London crime boss Lenny wants to build something, get in on a real estate scam, so he gets Russian immigrant crime boss Uri to finance him, but Uri’s accountant is dodgy – so seven million euros get stolen twice. Also Uri’s “lucky painting” is stolen by Lenny’s step-son and how was this ever a good idea?

Firstly, it’s difficult to tell who the narrator is because he sounds like no one who is actually in the film. I was going to guess that it was One Two (Gerard Butler, ostensibly one of the main characters, who keeps churning out these “mildly homophobic hard man” roles) before I looked it up (I missed the start of the movie): it’s Lenny’s number two man, Archie. Why is he narrating the film again?
Secondly, most of the time it’s difficult to make out what’s going on even when outcomes are projected very plainly. Honestly, why does everyone in movies come out by telling one of their friends that they’re in love with him? That’s certainly a way to further ingratiate yourself into the hardman underworld that you’ve inhabited for however many years.

For an opening Friday audience, it was surprisingly small, and also tought to make out what was thought of the piece by the masses. I know a lot of it fell in the crowd of “gay = ew = funny”, but … at this point, writing on the train, I began to run out of material. Here’s an attempt at systematically tackling just a few of the problems:

  • Thandie Newton’s character (ever notice that in UK films Newton is elegant and beautiful, while the US makes her a shrew?) pulls off the same robbery twice. This is not just the slightest bit suspect?
  • The Eastern bloc heavies on the second heist are a pair of indestructible terminators, which is played for laughs but is mostly motivated by nothing much.
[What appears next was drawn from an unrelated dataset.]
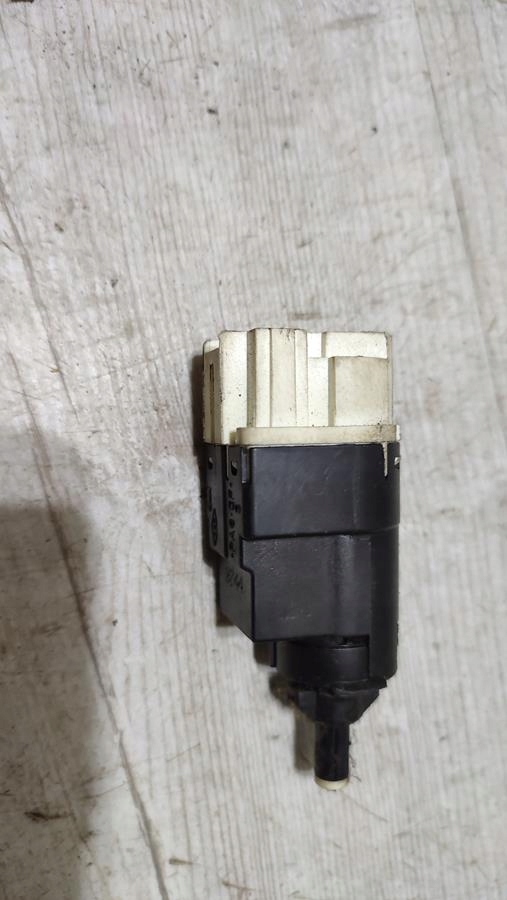Sensor stop Dacia Duster und Lift 14r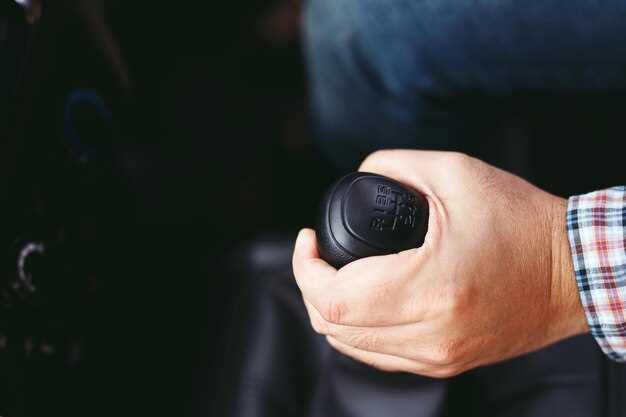 Подготовительные этапы и демонтаж элементов для снятия рулевой рейки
They turn out to be ones for torture and rape before they go in for murder (on that note, ever notice that raping a woman is heinous while raping a man is hilarious?);
  • The rockstar stepson is a pivotal character but is complete bollocks, a junkie with no redeeming features Until he displays a hithertofore undetected savvy (or smart-arsedness) about the workings of the criminal underworld – and he also bears the distinction of being a rock star who goes completely unrecognised absolutely everywhere in London, and is broke (contradicting the evidence of “don’t buy drugs; become a rock star and they’ll give them to you for free!”);
  • You also have a gay intrigue plotline that bears fruit in the mole plotline while simultaneously going nowhere;
  • One of the biggest threats in the film is dispatched offscreen with barely an explanation.

The movie isn’t a total write off, just most of one. The last scenes in the factory over the Thames are easily the best parts of the film. At times, it’s even a little compelling. It’s very intermittently amusing, although never hilarious and, again, it relies on a totally inaccurate portrayal of gay people for laughs (really, is there really a place in London where men can go slow dancing to Latin music in front of a neon love heart while wearing leather?) and, frankly, I zoned out at several points.
The cast is very good; the movie itself is not. There is the germ of a good movie in here, and it’s not like Guy Ritchie hasn’t written and directed movies before, but this one seems a bit like it’s in love with itself and a bit like I don’t give a damn. You really don’t need to see it – or its two projected sequels. It seriously ends with a “The Wild Bunch will return in The Real Rocknrolla“. It’s kind of like a punch in the gut served atop a rage cake: don’t do it, son.